But all this was extremely enervating. She had owed her force of character to her incessant intellectual activity, which had also kept her mind pure, and her body in excellent condition. Had she not found an outlet for her superfluous: vitality as a girl in the cultivation of her mind, she must have lbecome morbid and hysterical, as is the case with both sexes when they remain in the unnatural state of celibacy with mental energy unapplied. We are like running water, bright and sparkling so long as the course is clear; but divert us into unprogressive shallows, where we lie motionless, and very soon we stagnate, and every particle of life within us becomes offence. This was the fate which threatened Evadne. As her mind grew sluggish, her bodily health decreased, and the climate began to tell upon her. Malta has a pet fever of its own, of a dangerous kind, from which she had hitherto escaped, but now, quite suddenly, she went down with a bad attack, and hovered for weeks between life and death. Colonel Colquhoun made arrangements to take her home as soon as she was sufficiently strong to be moved; but just at that time a small war broke out, and his regiment was one of the first to be ordered to the front. He was able to see her off, however, with other ladies of the regiment, and he telegraphed to her friends begging them to meet her at Southampton. The hope of seeing them sustained Evadne during the voyage, but when she arrived only Mrs. Orton Beg appeared. The latter was shocked by the change in Evadne. Her hair had been cut short, her eyes were sunken, her cheeks were hollow; she was skin and bone, and the colour of death.

Mrs. Orton Beg had gone on board the steamer, and Evadne

had been brought up on deck, supported by one of the ladies and her own maid.

She looked at her aunt, and then she looked beyond her. "Has my mother not come to meet me?" she asked. Mrs. Orton Beg looked at her compassionately.

"Is she ill?" Evadne added.

"No, dear," her aunt replied.

Evadne burst into tears. It was a bitter disappointment, and she was very weak, and had suffered a great deal.

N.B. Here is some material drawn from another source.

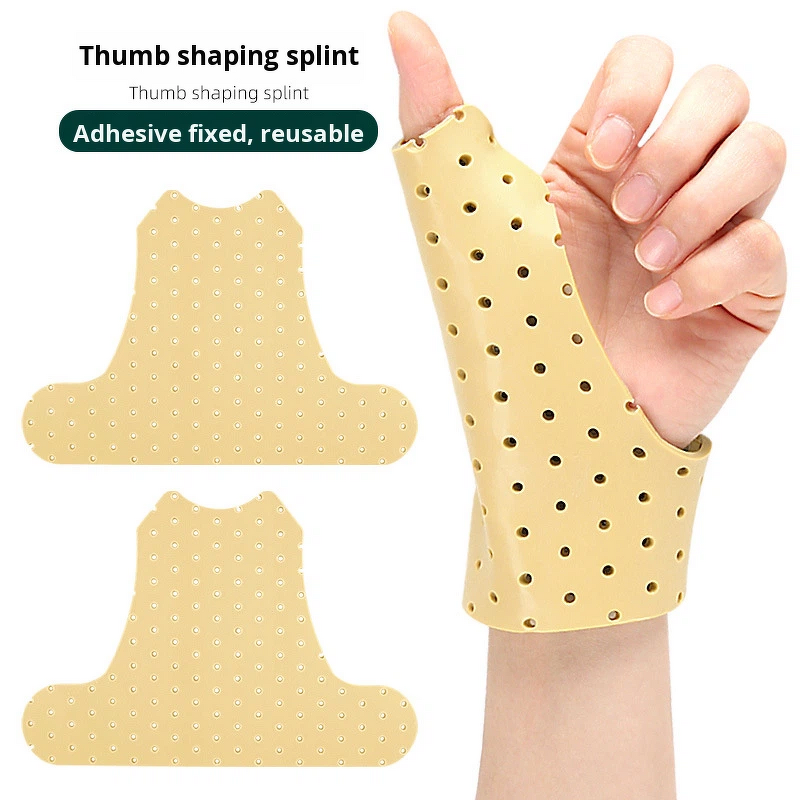 Thumb Fixation Splint Manufacturer - Model 070 High Polymer Polyester Unisex Shaping Support Finger Brace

After her arrival her pompous papa continued "firm," as he called it, and as she was equally "firm " herself, he would not have her at Fraylingay. He repeated that if there were one human weakness which is more reprehensible than another, it is obstinacy, and he told Mrs. Frayling that she must choose between himself and Evadne. If she preferred the latter, she might go to see her, but she should not return to him. He meant to be master in his own house-and so on, at the top of his voice, with infinite bluster-to which it was that Mrs. Frayling submitted. She never could bear a noise.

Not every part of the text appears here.